# INSTRUCTIONS FOR THE TASK
Your copy starts at the line containing "1円スタート！希少盤をヤフオクに出品しました／ ◇THROBBING GRISTLE" and ends at the last line of the material below. Reproduce those lines exactly, with no pictures.

--- SUPPLIED INFORMATION Enclosed Below ---

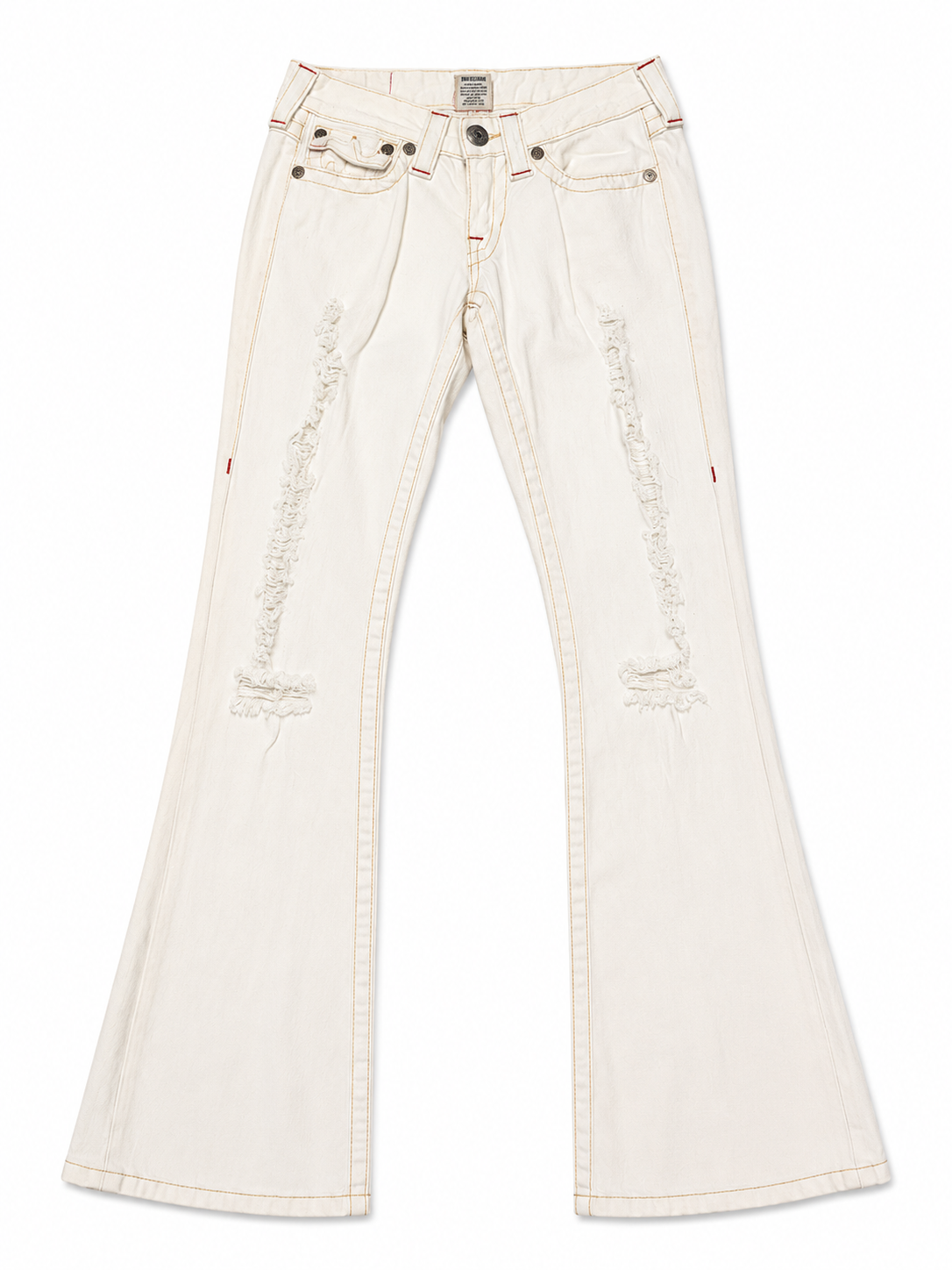 True Religion Slim Cut Mid-Rise Denim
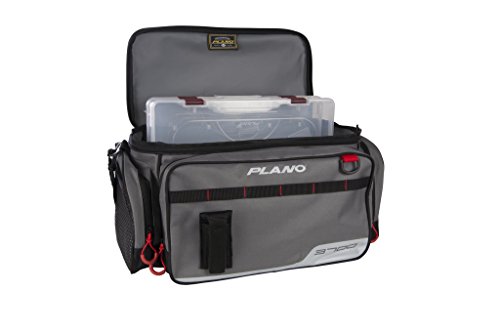 Plano PLAB37110 3700 Size Tackle Case, Grey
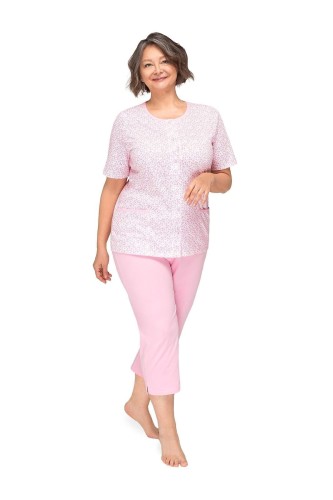 Piżama Martel Kasia I 265 kr/r M-3XL rozpinana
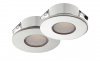 Светильник  LED2022 12V/1,5W ww Alu.silb.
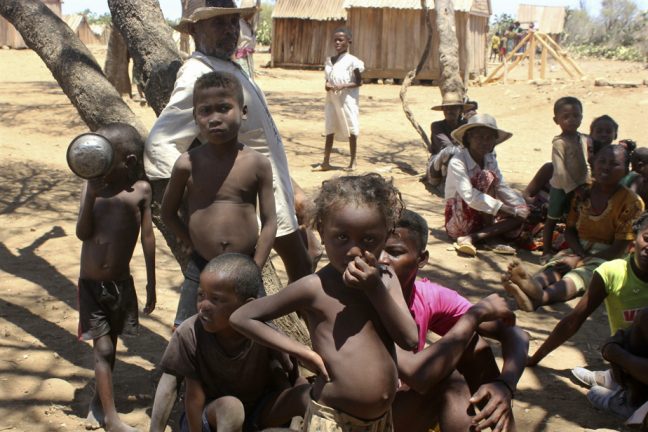 La sécheresse à Madagascar pousse 400 000 personnes vers la famine indique l’ONU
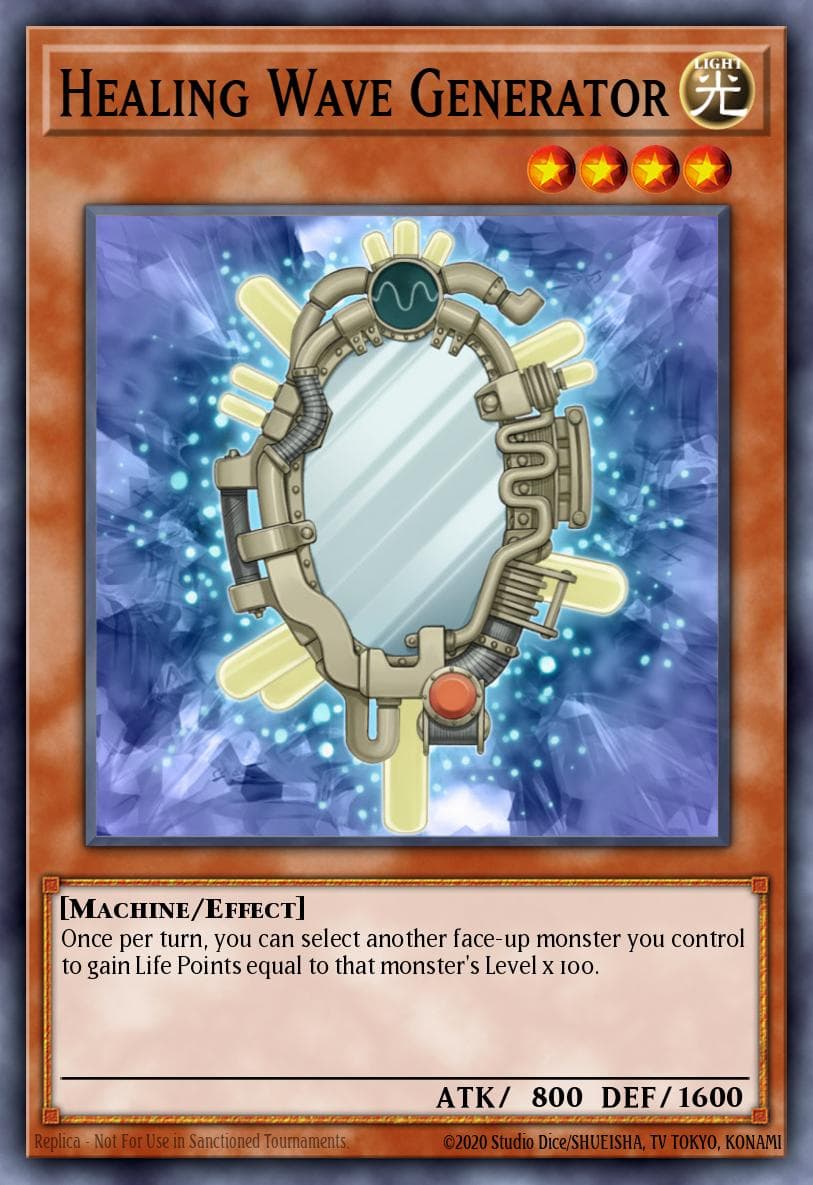 Healing Wave Generator #DP08-EN008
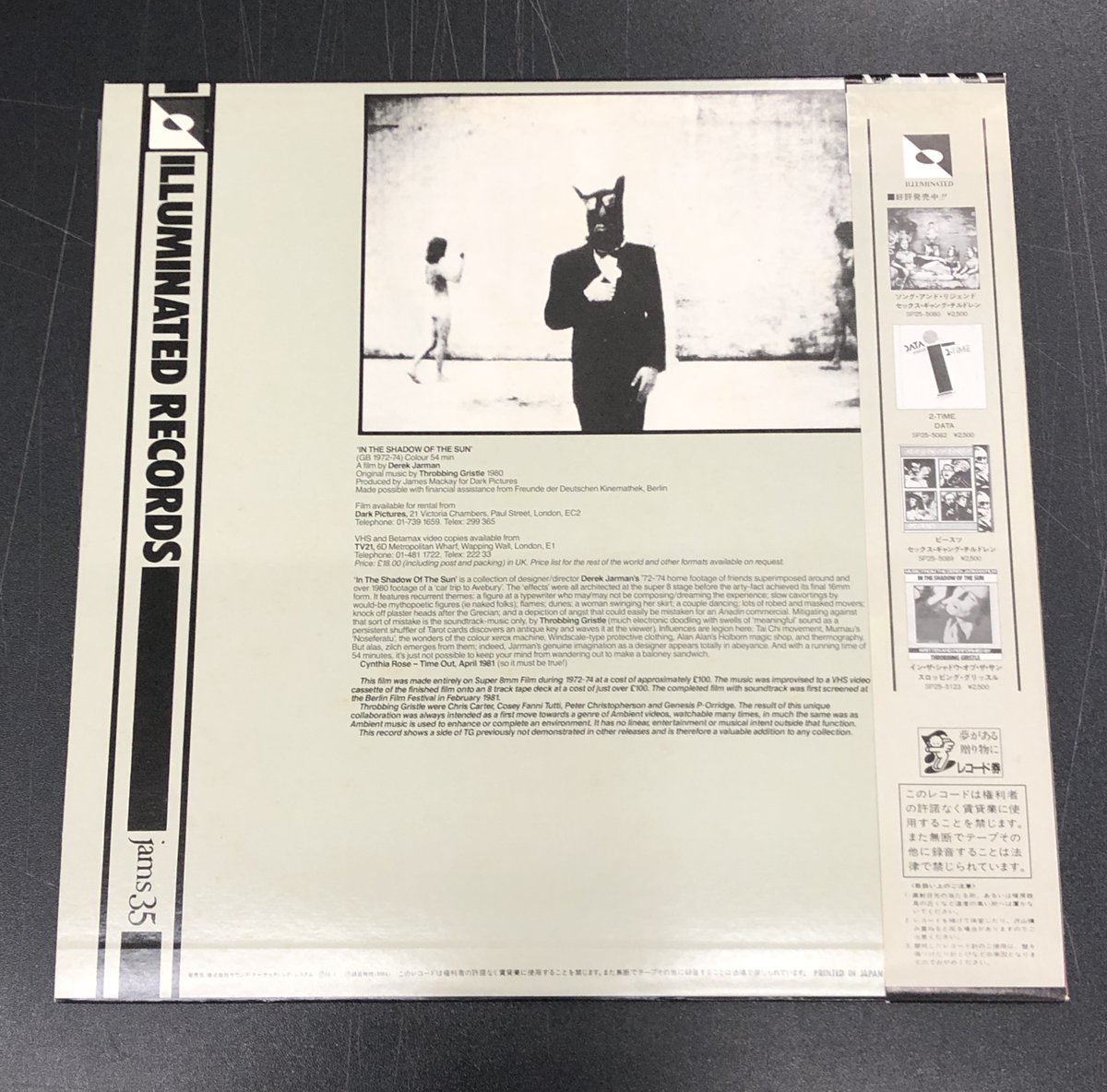 1円スタート！希少盤をヤフオクに出品しました／ ◇THROBBING GRISTLE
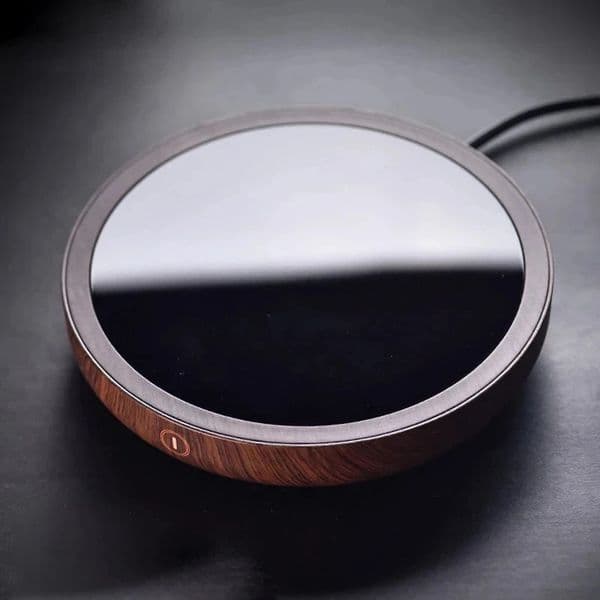 110V220V Cup Heater Coffee Mug Warmer Tea Makers Heating Pad Warmer Coaster Electric Plate Coffee Heater For Tea Milk a251028BJ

--- End of Enclosed SUPPLIED INFORMATION ---

# ANSWER AREA
 1円スタート！希少盤をヤフオクに出品しました／ ◇THROBBING GRISTLE
 110V220V Cup Heater Coffee Mug Warmer Tea Makers Heating Pad Warmer Coaster Electric Plate Coffee Heater For Tea Milk a251028BJ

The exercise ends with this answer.